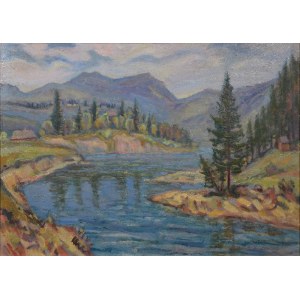 Artur RUTKOWSKI (1895-?), Am Wasser im Gebirge, 1951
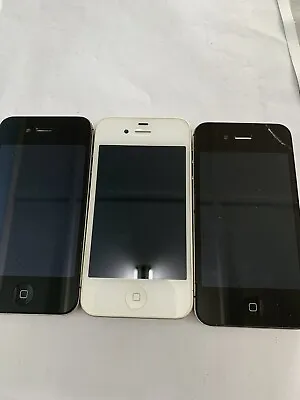 Apple IPhone 4s A1387 Bulk Lot (Qty:3) 070323 For Parts Of Repairs • $60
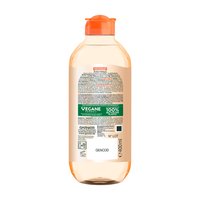 Garnier SkinActive Sanftes Mizellen Reinigungswasser mit Peeling-Effekt Rückseite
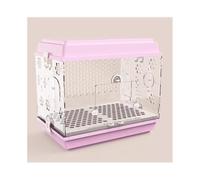 nichoir Cage à Perroquet en Acrylique Transparent, Grande Cage Oiseaux décorative, châssis Coulissant, Facile Nettoyer nichoir(Purple)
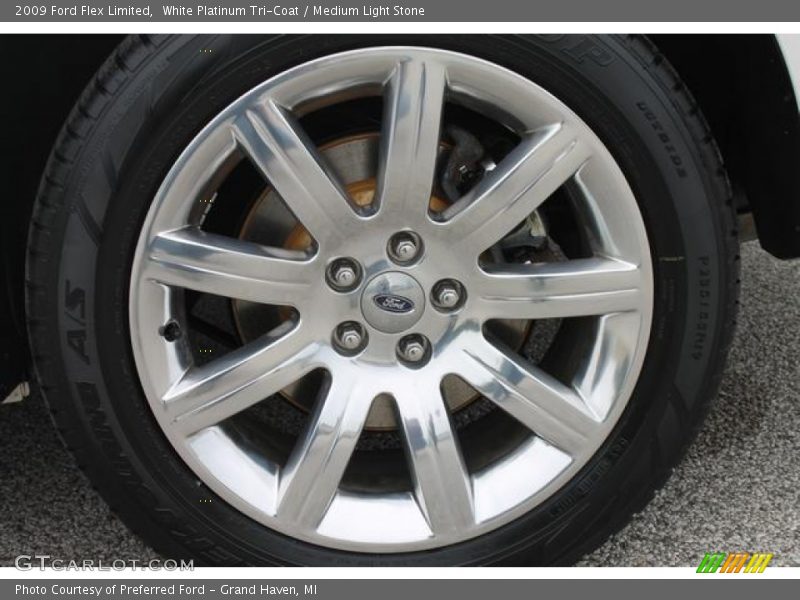 White Platinum Tri-Coat / Medium Light Stone 2009 Ford Flex Limited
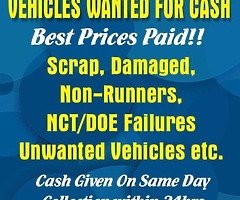 We buy cars any condition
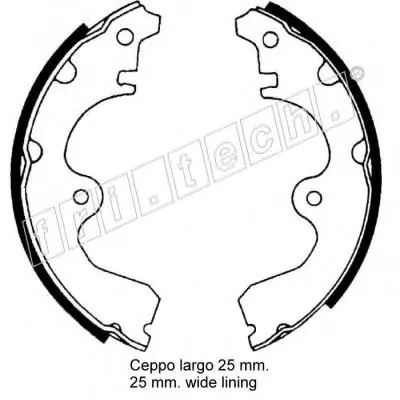 Комплект тормозных колодок fri.tech. купить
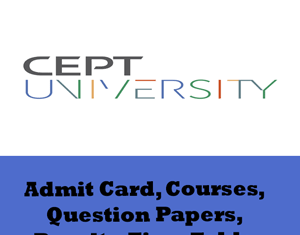 CEPT University Time Table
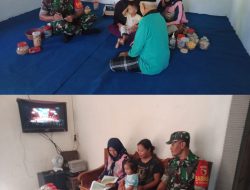 Akselerasi Penurunan Stunting, Babinsa Posramil Selopuro Dampingi Pemeriksaan Balita di Tegalrejo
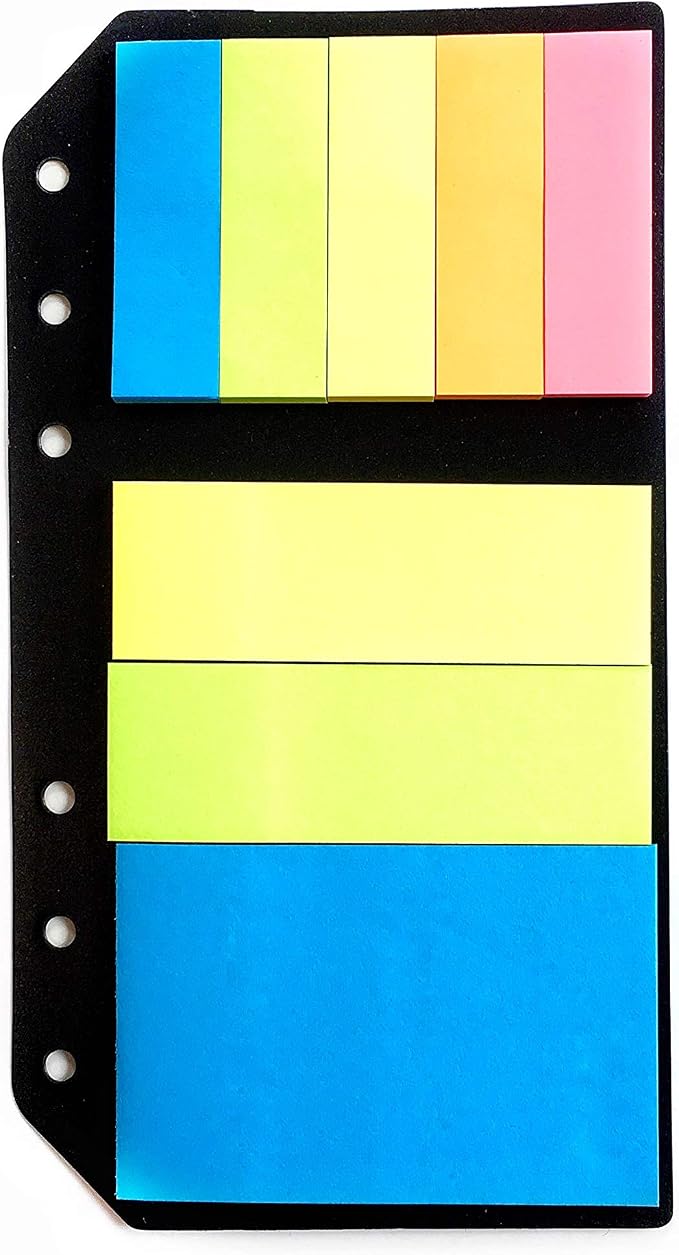 Zelten Refills/Loose Leaves for A6 Cover Ring Binder/Personal Organizer/Planner(A6 6 Holes, Sticker Index Tabs)
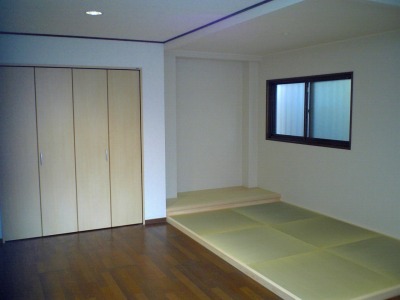 施工後　琉球畳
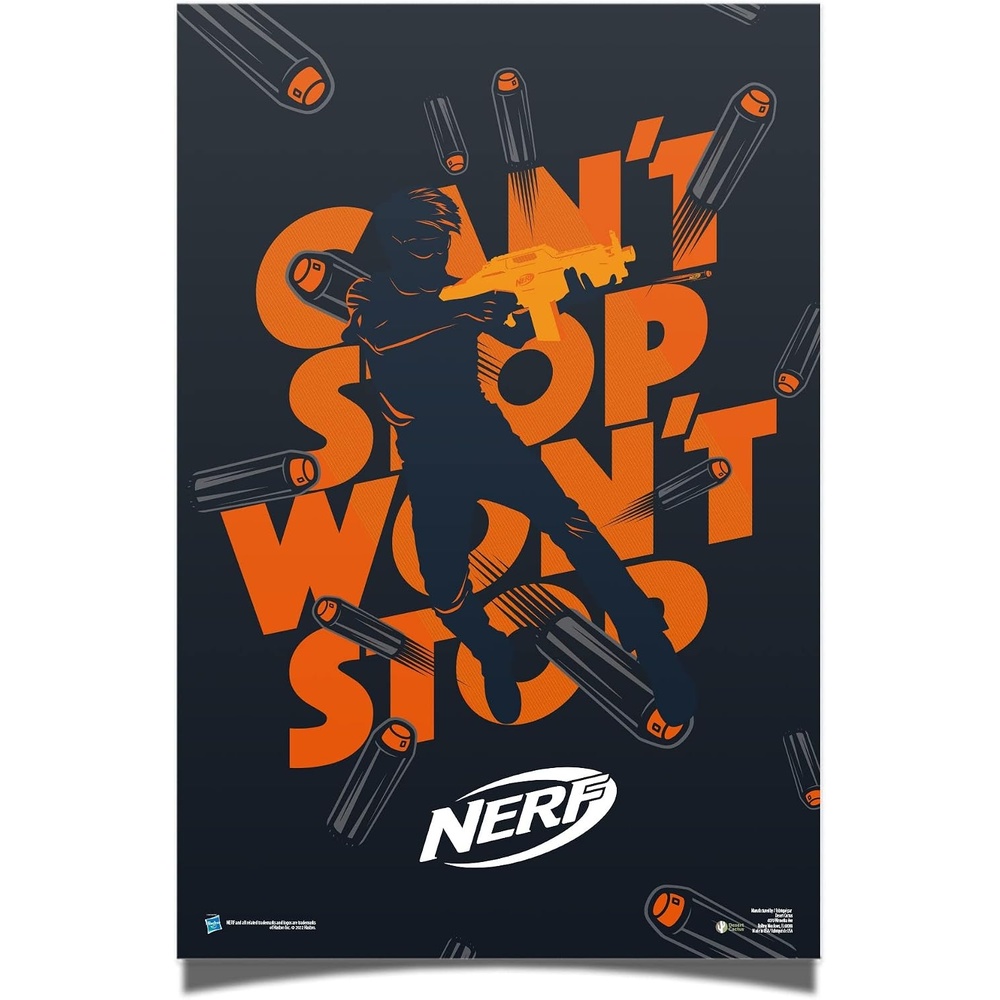 image:imageDesert Cactus Nerf Poster 24 x 36 inch Wall Decor 1Design 3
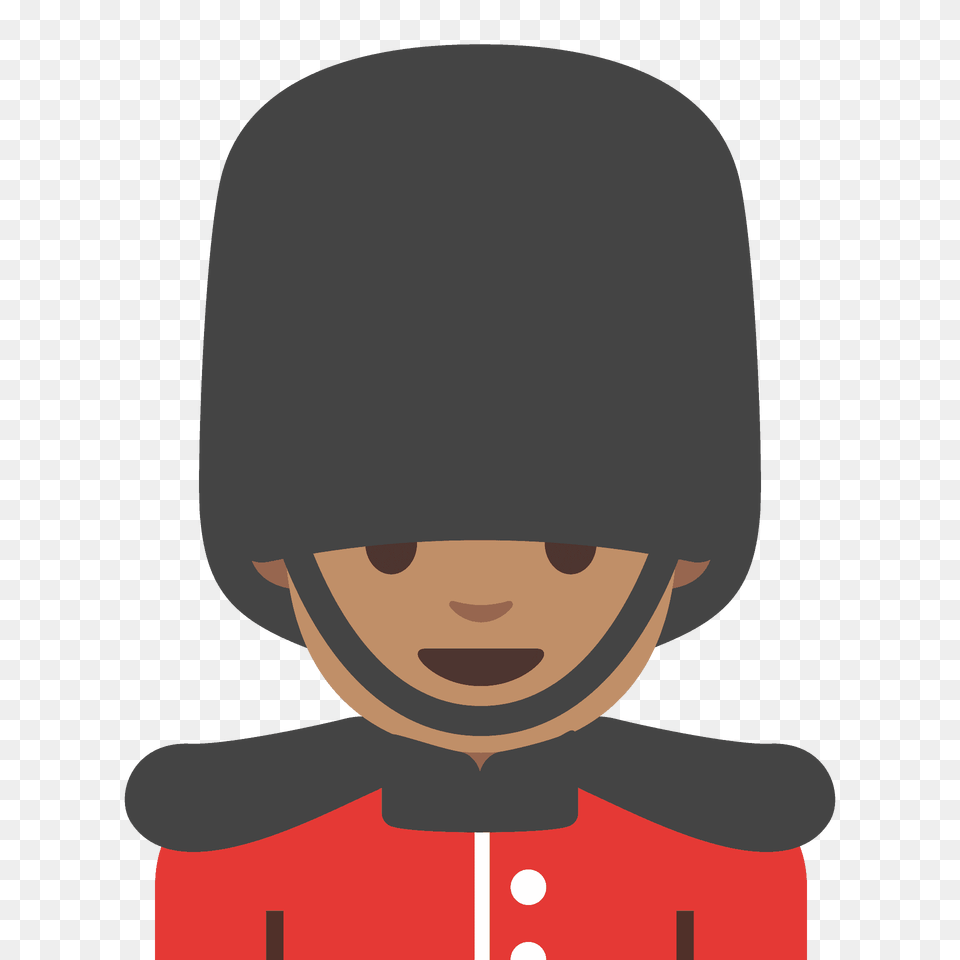 Guard Emoji Clipart, Clothing, Hat, Person, Face Png Image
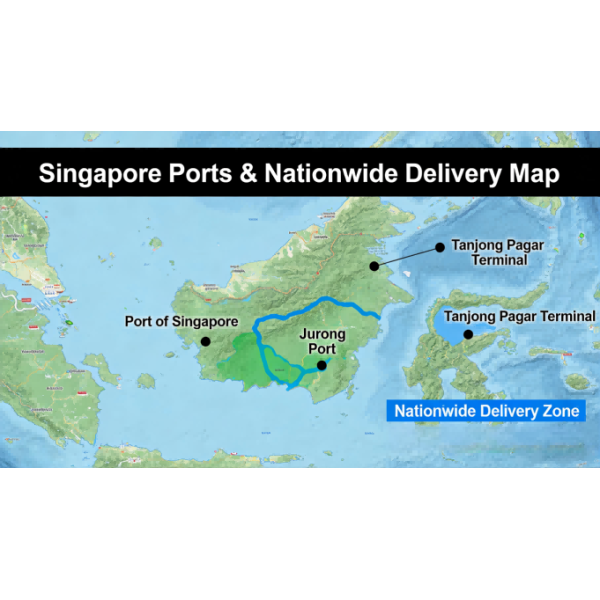 Sea freight to SG: efficient export import clearance, tax included, door - to - door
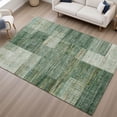 thumbnail image 6 of Addison Rugs Mayfield Premium Machine Washable Transitional Geometric Teal Rectangle Rug, 10' x 14', 6 of 6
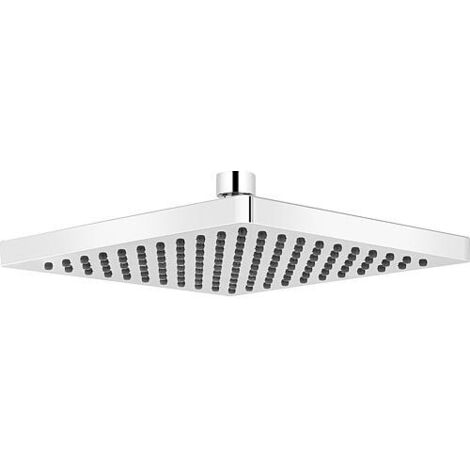 Pomme de douche Mellas 200x200mm chrome en plastique ABS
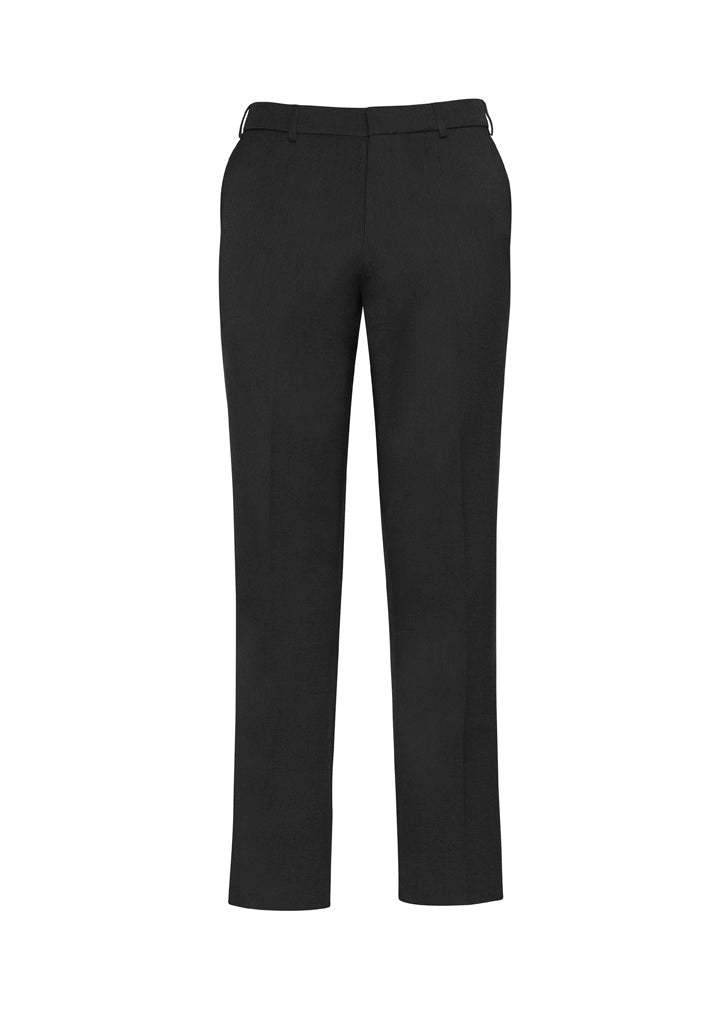 Mens Comfort Wool Stretch Slimline Pant - Charcoal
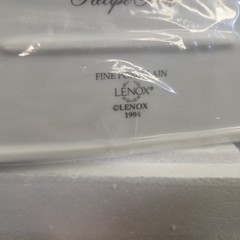The Lenox Village 1994 Recipe Box no cards New In Original Packaging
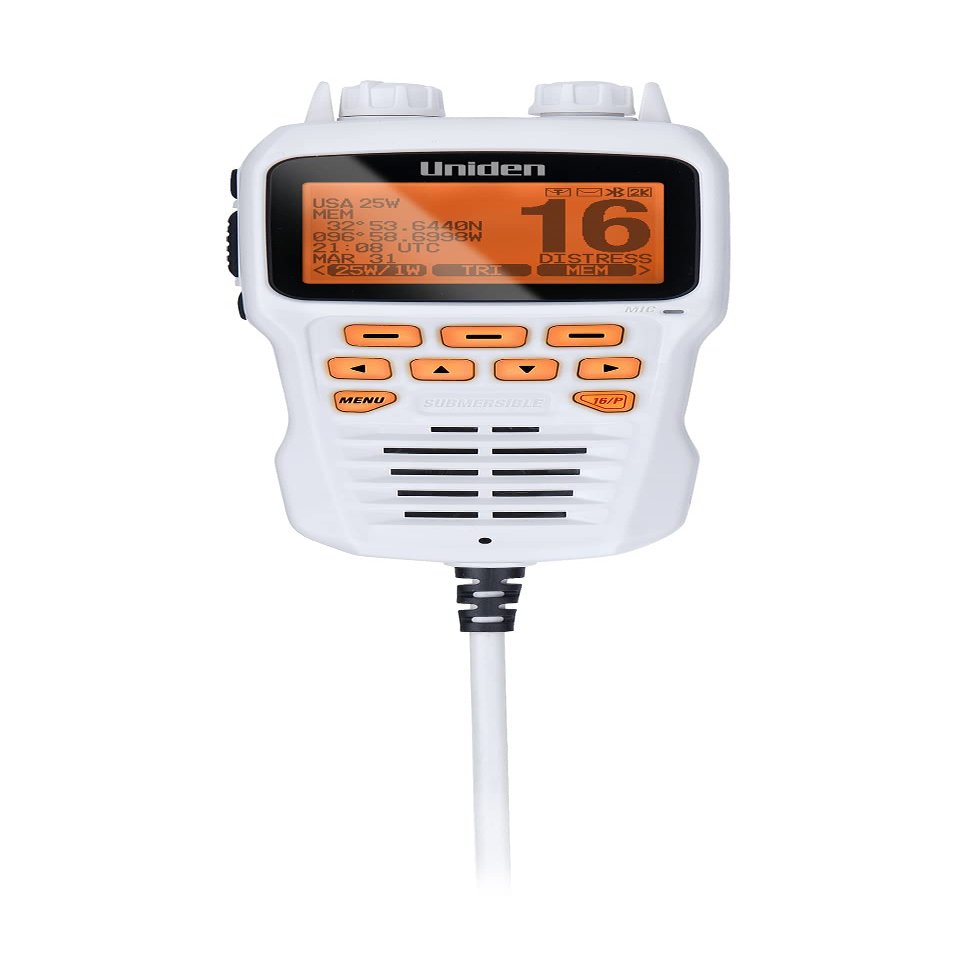 Uniden UMRMIC Remote Microphone for UM725 Series Marine VHF Radios - White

————

**Task goal**
Repeat exactly the lines above, starting at the one that contains "CEPT University Time Table" and stopping at the last line of the entries, and leave out the pictures.

**Expected answer**
 CEPT University Time Table
 Akselerasi Penurunan Stunting, Babinsa Posramil Selopuro Dampingi Pemeriksaan Balita di Tegalrejo
 Zelten Refills/Loose Leaves for A6 Cover Ring Binder/Personal Organizer/Planner(A6 6 Holes, Sticker Index Tabs)
 施工後　琉球畳
 image:imageDesert Cactus Nerf Poster 24 x 36 inch Wall Decor 1Design 3
 Guard Emoji Clipart, Clothing, Hat, Person, Face Png Image
 Sea freight to SG: efficient export import clearance, tax included, door - to - door
 thumbnail image 6 of Addison Rugs Mayfield Premium Machine Washable Transitional Geometric Teal Rectangle Rug, 10' x 14', 6 of 6
 Pomme de douche Mellas 200x200mm chrome en plastique ABS
 Mens Comfort Wool Stretch Slimline Pant - Charcoal
The Lenox Village 1994 Recipe Box no cards New In Original Packaging
 Uniden UMRMIC Remote Microphone for UM725 Series Marine VHF Radios - White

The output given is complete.